Organic Coconut Cream Mushroom Soup Recipe
Ingredients:
1-1/2 lbs mixed fresh farmers market mushrooms (your choice of varieties), trimmed and sliced
onions, finely chopped
4 cloves garlic, minced
1/2 tsp dried thyme leaves or 2 sprigs fresh thyme
1 tsp seasalt
1/2 tsp cracked black peppercorns
1 bay leaf
4 cups organic vegetable or free-range beef broth
1 cup homemade coconut milk
4 tbsp. Virgin Coconut Oil
1 cup boiling water
Preparation
In a bowl, soak mushrooms in boiling water for 30 minutes. Drain through a fine sieve, reserving liquid. Pat mushrooms dry with paper towel and chop finely. Set aside.
In a skillet heat 1 tbsp (15 mL) Virgin Coconut Oil over medium heat. Add fresh mushrooms and cook, stirring, until they lose their liquid. Transfer to slow cooker stoneware.

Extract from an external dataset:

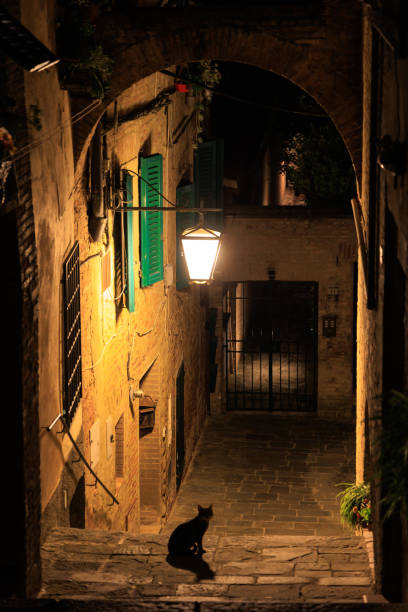 istock Typical Italian Street at night 1773539241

In the same pan, melt remaining 3 tbsp. Virgin Coconut Oil. Add onions and cook, stirring, until softened. Add reserved mushrooms, garlic, thyme, salt and peppercorns and cook, stirring, for 1 minute. Transfer to slow cooker stoneware. Add bay leaf, broth, coconut milk and reserved mushroom soaking liquid and stir to combine.
Cover and cook on Low for 6 to 8 hours or on High for 3 to 4 hours. Discard bay leaf.
Enjoy the organic coconut cream mushroom soup!